*** Data below Section Begins ***

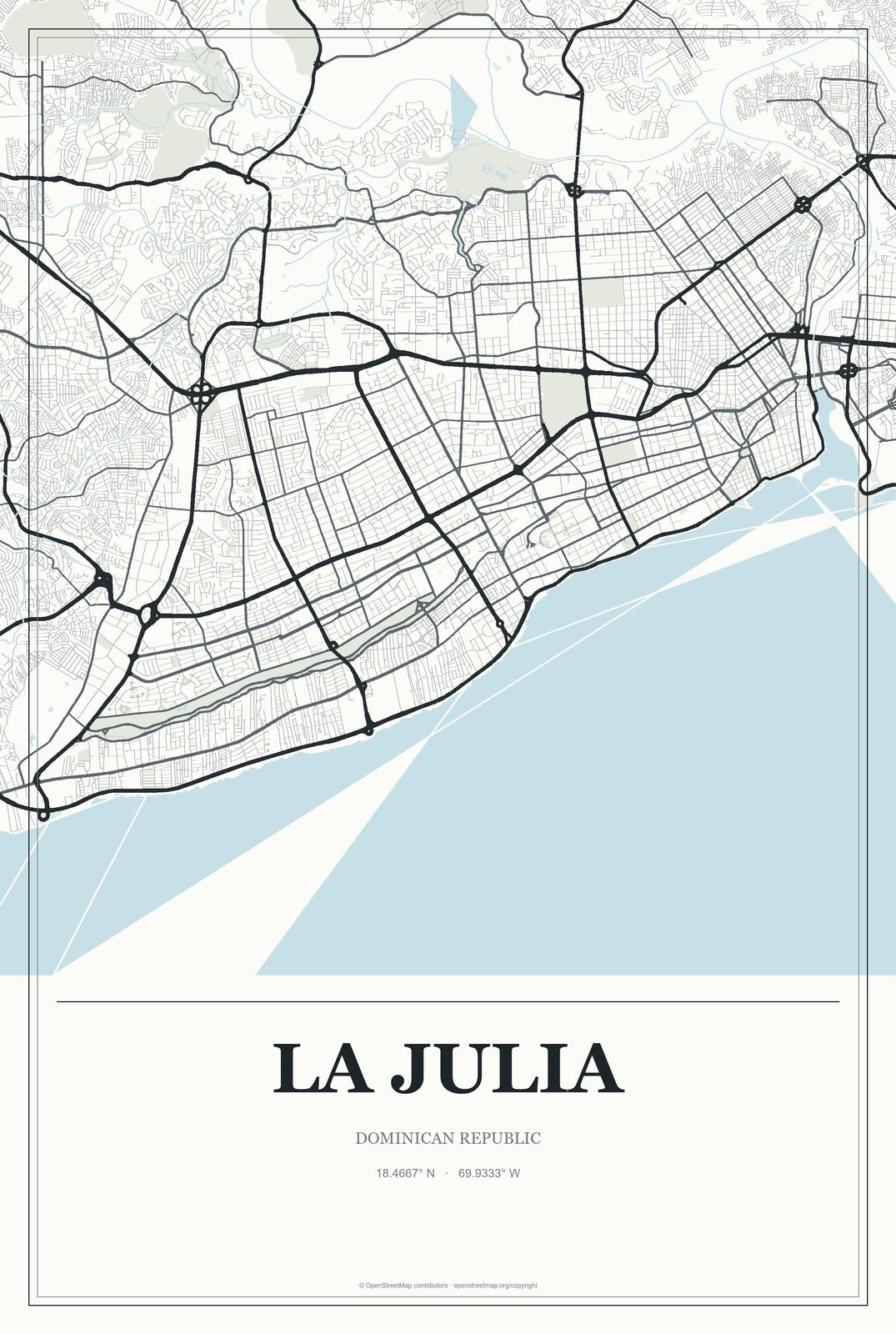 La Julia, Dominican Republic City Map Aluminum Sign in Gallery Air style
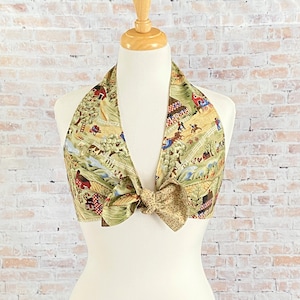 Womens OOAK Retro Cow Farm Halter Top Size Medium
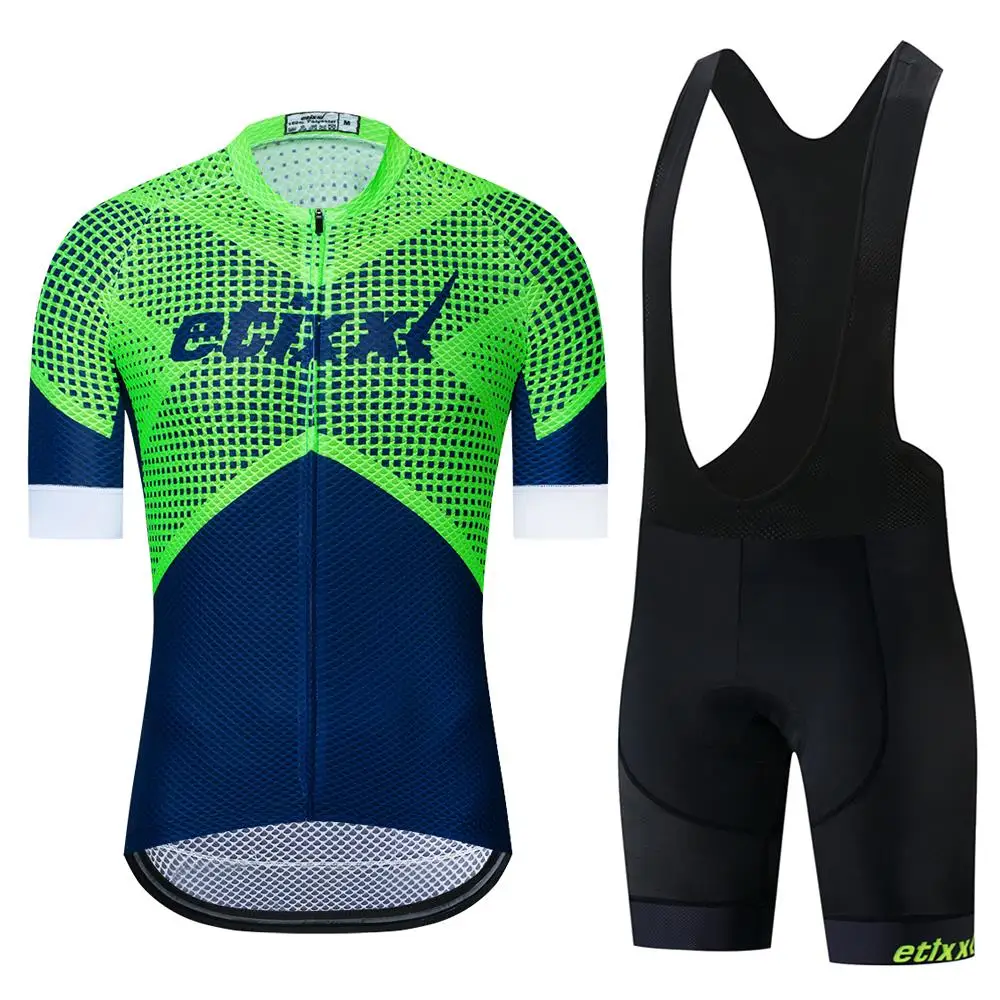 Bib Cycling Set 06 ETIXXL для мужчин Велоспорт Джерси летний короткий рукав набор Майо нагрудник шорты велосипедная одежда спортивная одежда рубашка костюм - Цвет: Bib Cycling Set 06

*** Data below Section Ends ***

All of the data should be returned word for word, with each picture left out.

 La Julia, Dominican Republic City Map Aluminum Sign in Gallery Air style
 Womens OOAK Retro Cow Farm Halter Top Size Medium
 Bib Cycling Set 06 ETIXXL для мужчин Велоспорт Джерси летний короткий рукав набор Майо нагрудник шорты велосипедная одежда спортивная одежда рубашка костюм - Цвет: Bib Cycling Set 06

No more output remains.